Domain local groups can be assigned permissions within a domain.

Create domain local groups representative of the domain controller resources to which you want to control access, and then assign permissions on the resource to the group.


Universal groups can contain members from any domain in the forest. These include:

    Universal groups within the forest.

    Global groups within the forest.

    Users and computers within the forest.

Universal groups can be assigned permissions to resources anywhere in the forest.

Universal group membership should be relatively stable. For this reason, you should only add global or universal groups to universal groups. Avoid adding user accounts directly to universal groups.

In addition to the group scope, there are two types of groups:







A security group is one that can be used to manage rights and permissions.

  • Group members get the permissions that are granted to the group.
  • A security group represents an object with a security identifier (SID), which through the member attribute, collects other objects, such as users, computers, contacts and other groups.
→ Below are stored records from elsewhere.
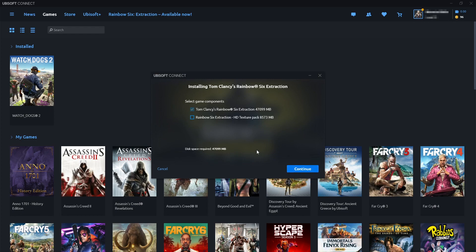So like I said this is the only way around doing this at the moment. If you do really want that HD Texture Pack then you will need to remove the game and install it again.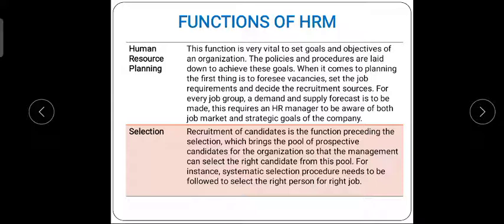Recruitment of candidates is a function preceding selection. It brings a pool of prospective candidates for the organization so that management can select the right candidate from this pool. After HRP, recruitment and selection is done because we need the right person. If the right person is at the right place in the right department, work will be done efficiently. The organization goals and individual goals should both be satisfied.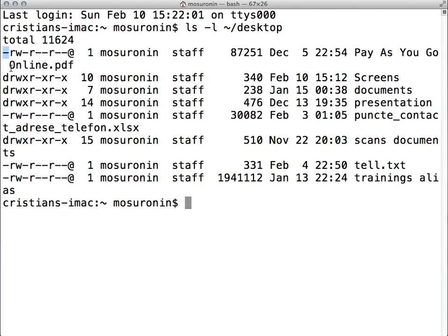The first section is actually the first character, which represents the file type. This can be only a minus sign, which represents just a regular file. It can be a D, which represents a directory. It can be an L, which represents a symbolic link — I don't have one right here. It can be a P that represents a named pipe, S that represents a socket, or B or C that represents a device file. B or C are a little bit more special because they actually represent device files depending on whether it's a character device or a block device.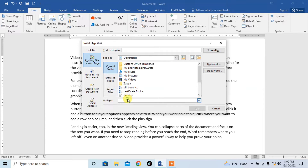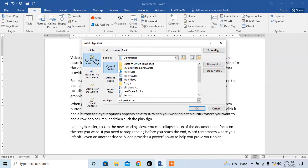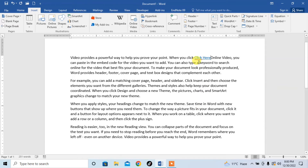And here, I want to insert wikipedia.com. And here, what text will be displayed? I right here click here. Now, I click OK. And here you can see that the hyperlink has been created.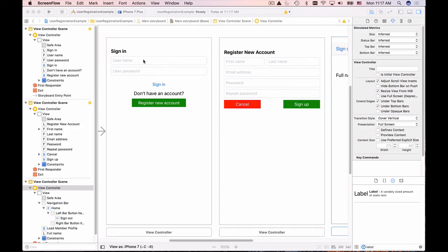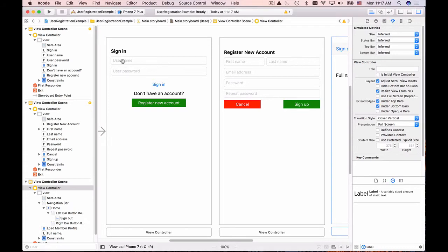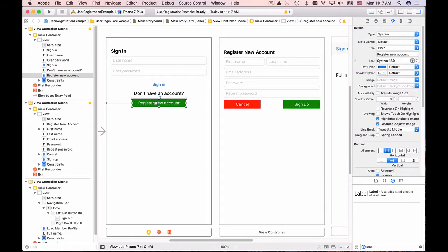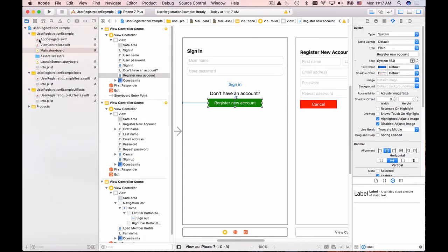We have the user interface created. Now we need to take these text fields and create outlets for them, and take the buttons and create action events for them so that when the user clicks on 'Register New Account' we can bring up that user interface. Let's open up the left side button panel with our Swift files and start working with the Sign In View Controller first.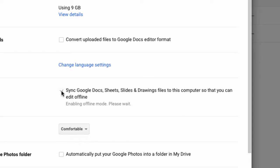Now please note, once you check it, it'll say enabling offline mode please wait. This does take a bit of time so you will not immediately be able to access your documents while offline.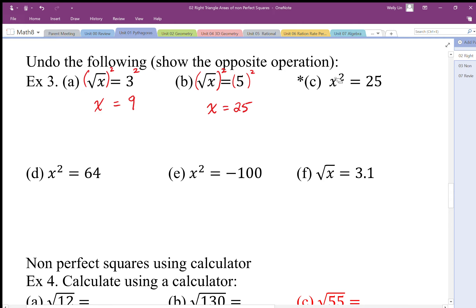This question asks: what side length squared gives me an area of 25? The answer should be 5. But there's also another number squared that gives 25 — when I square negative 5, I also get positive 25. So the answer is x equals positive 5 and negative 5. For now we're not going to be too worried about the negative, but it's important to understand that when we undo squares with square root, we actually only get one of the answers — the positive.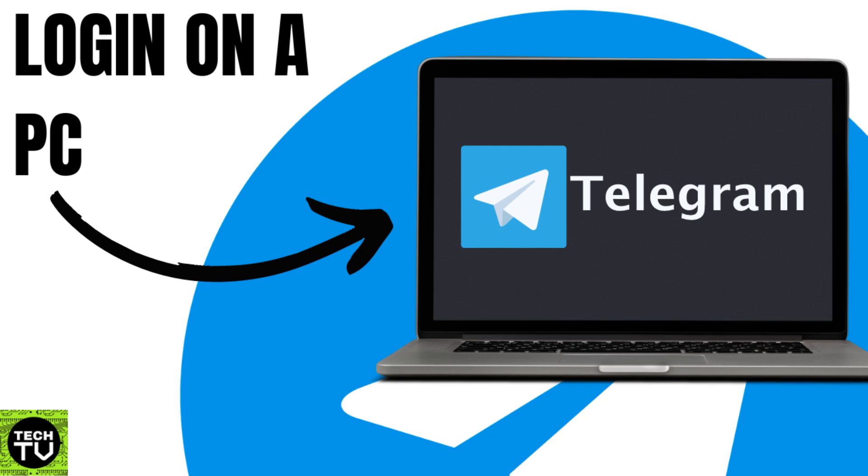In the video for today, I'm going to show you how to log into your Telegram account on Telegram web on a desktop or your PC.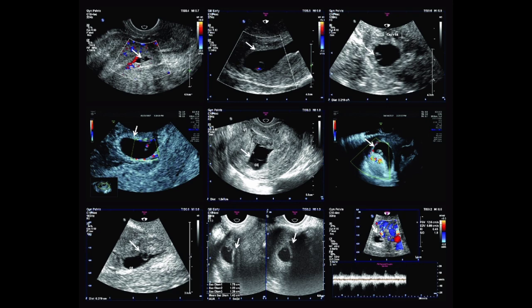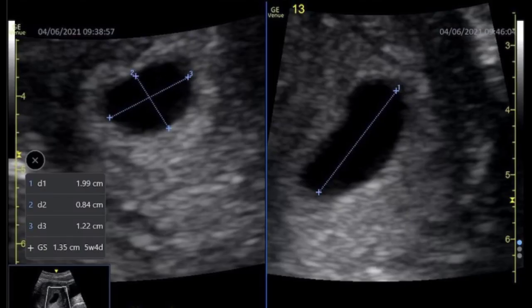The gestational sac is an echo-free space containing the fluid, embryo, and extraembryonic structures. The sac is measured inside the hyperechoic rim, including only the echo-free space. The gestational sac is imaged first in the longitudinal plane, obtaining long axis and anteroposterior measurements perpendicular to each other.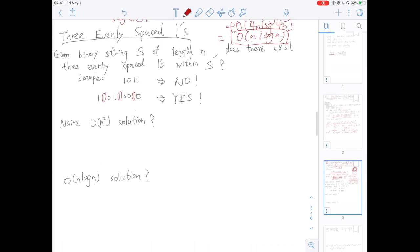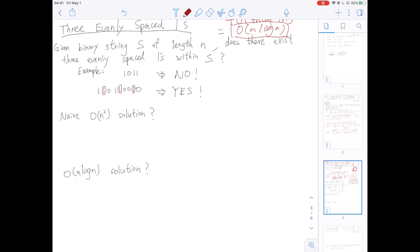The next problem is three evenly spaced ones. Given a binary string S of length n, does there exist three evenly spaced ones within S? For example, S = '1011' has no three evenly spaced ones, so we answer no. But S = '1101101010' has three evenly spaced ones at positions 2, 5, and 8 — so we output yes.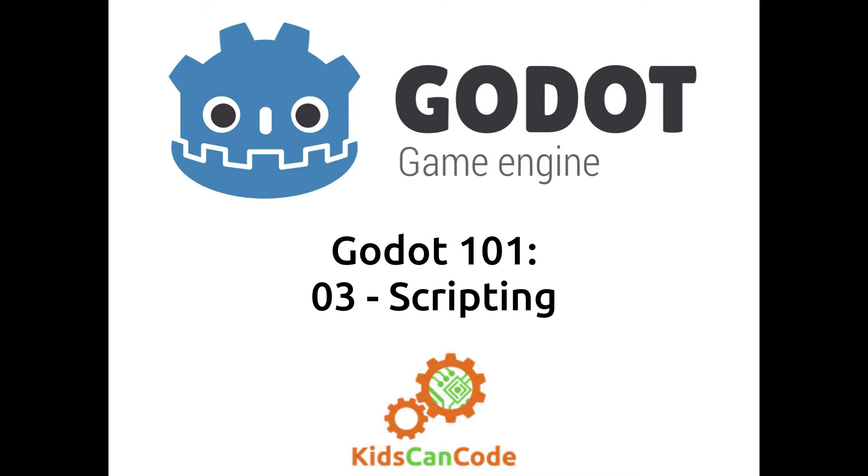Okay, welcome back to Godot 101. This is part 3 where we're going to continue talking about scripting and how you can use scripts to make your nodes behave the way you want. If you haven't watched the previous videos please do go back and start there because we cover a lot of the basic concepts in those and I don't want you to get lost. Alright, so let's get started.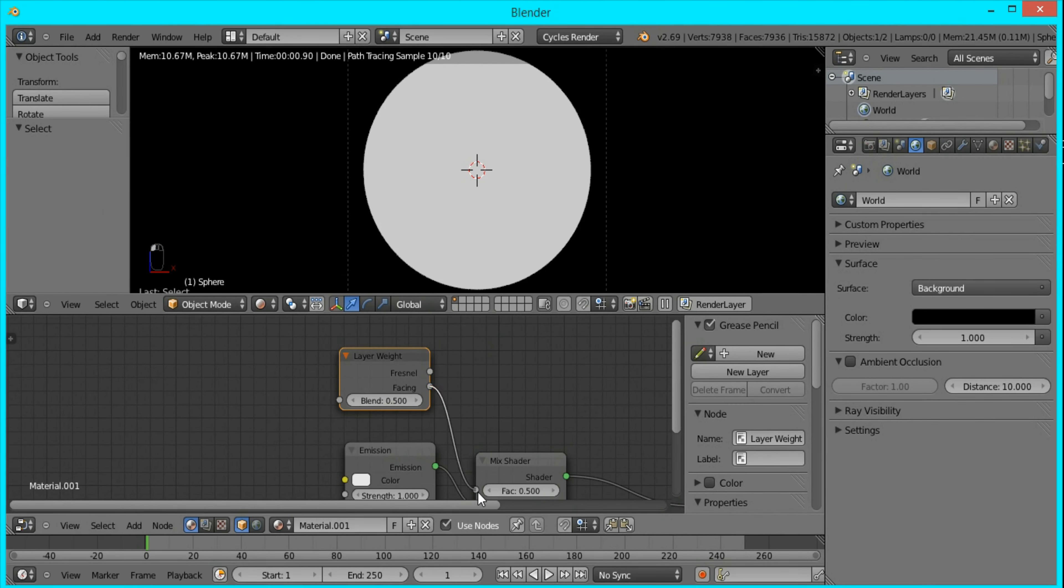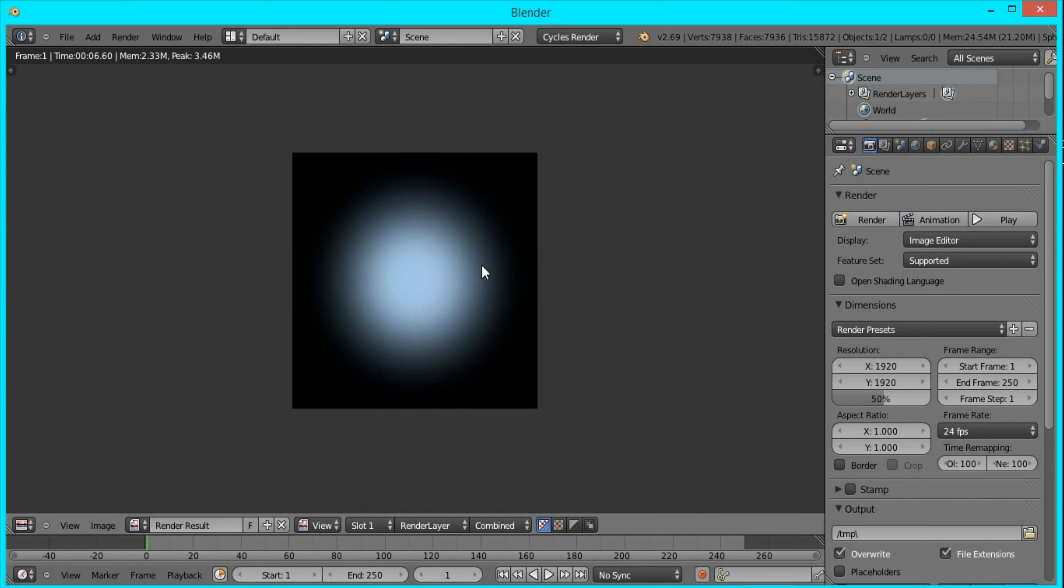This is pretty much it. You now have your blur that you can use in various scenes to create nicer images. I hope you enjoyed this tutorial.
  • A distribution group is used to maintain a list of users and is typically used for sending e- mails to all group members. Distribution groups cannot be used for assigning permissions.

Be aware of the following when managing groups:

The basic best practices for user and group security are:

o Create groups based on user access needs.

o Assign user accounts to the appropriate groups.

o Assign permissions to each group based on the resource needs of the users in the group and the security needs of your network.

After creating a group, you may need to convert the group’s scope and/or type.

Converting a security group to a distribution group removes permissions assigned to the group. This could prevent or allow unwanted access.

   o You cannot directly convert a group from global to domain local or domain local to global. Instead, convert the group to a universal group and apply the changes, then convert the group to the desired scope.

If a global group is nested in another global group, the nested global group cannot be converted to a universal group because a universal group cannot be a member of a global group.

To add or remove members of a group, use one of the following methods:

On the group object, edit the Members tab and add the group members. Use this method to efficiently add multiple members to the same group.

o On the user account, edit the Members Of tab and select the group to which you want to add the user. The Member Of tab displays all of groups to which the object is a member. Use this method to efficiently add a single user to multiple groups.

Because a group can be a member of another group, a group object also has a Member Of tab. Adding objects to the Member Of tab for a group makes the group a member of another group (it does not add members to the group).

    When you delete a group, all information about the group (including any permissions assigned to the group) is deleted. User accounts, however, are not deleted. They are simply no longer associated with the group. If you delete the group, use one of the following strategies to recover it:

Re-create the group, add all the original group members, and reassign any permissions granted to the group.

   o Restore the group from a recent backup.